Un hombre feliz


Hoy he visto a un hombre que con todos sus gestos nos dice: tengo el mejor trabajo del mundo. Durante hora y media, sin embarazo de ningún tipo, se lo ha pasado bomba delante de dos mil personas. Eso está muy bien; le reconcilia a uno con el destino.

Yo también me lo he pasado muy bien viéndole. Supongo que la banda sonora ha ayudado: la obertura de Los Maestros Cantores de Wagner, la Sinfonía de Cámara de Schoenberg y la segunda de Brahms. Buena música, ¿verdad?

Y al final, todo el mundo ha aplaudido a rabiar. No crean que nos hemos visto obligados por la cantidad de pasta gastada, por el hecho de que se tratase de la Filarmónica de Berlín, y porque el hombre feliz fuera Simon Rattle.

¡Qué va! Yo diría que las causas principales han sido el sonido, espeso y precioso, que se hunde en los huesos, capa a capa, el empaste, la precisión, la brillantez colectiva. Y más cosas: esos contrabajos, telúricos, y esa trompa, líquida. También ha ayudado la voz de los violonchelos, no crean.
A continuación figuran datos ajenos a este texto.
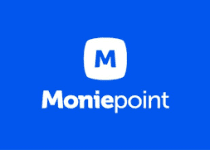 Moniepoint Fake Transfer & Payment Alert: How to be Safe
En fin, que ha estado muy bien. Wagner ha sido Wagner, Schoenberg ha sido Wagner, y Brahms, ah, Brahms volaba en el lento y bailaba en el allegretto, en este con un tempo simplemente perfecto.

No les digo más. La crónica social se la dejo a mis hijas, que han observado que había señores que parecían guardaespaldas (porque lo eran) y que no había casi niños. La pequeña ha buscado a Gallardón, sin éxito (habíamos deducido que quizás estuviera porque aparecía en el programa contando no sé qué): pretendía leerle la cartilla por la obra de nuestra calle; como no le ha encontrado, al final ha dicho algo inconveniente en voz alta. No lo repetiré aquí. Y no nos hemos reído con los gestos de Rattle. Es imposible reírte cuando ves a alguien que te dice, con todo su cuerpo, que tiene el mejor trabajo del mundo.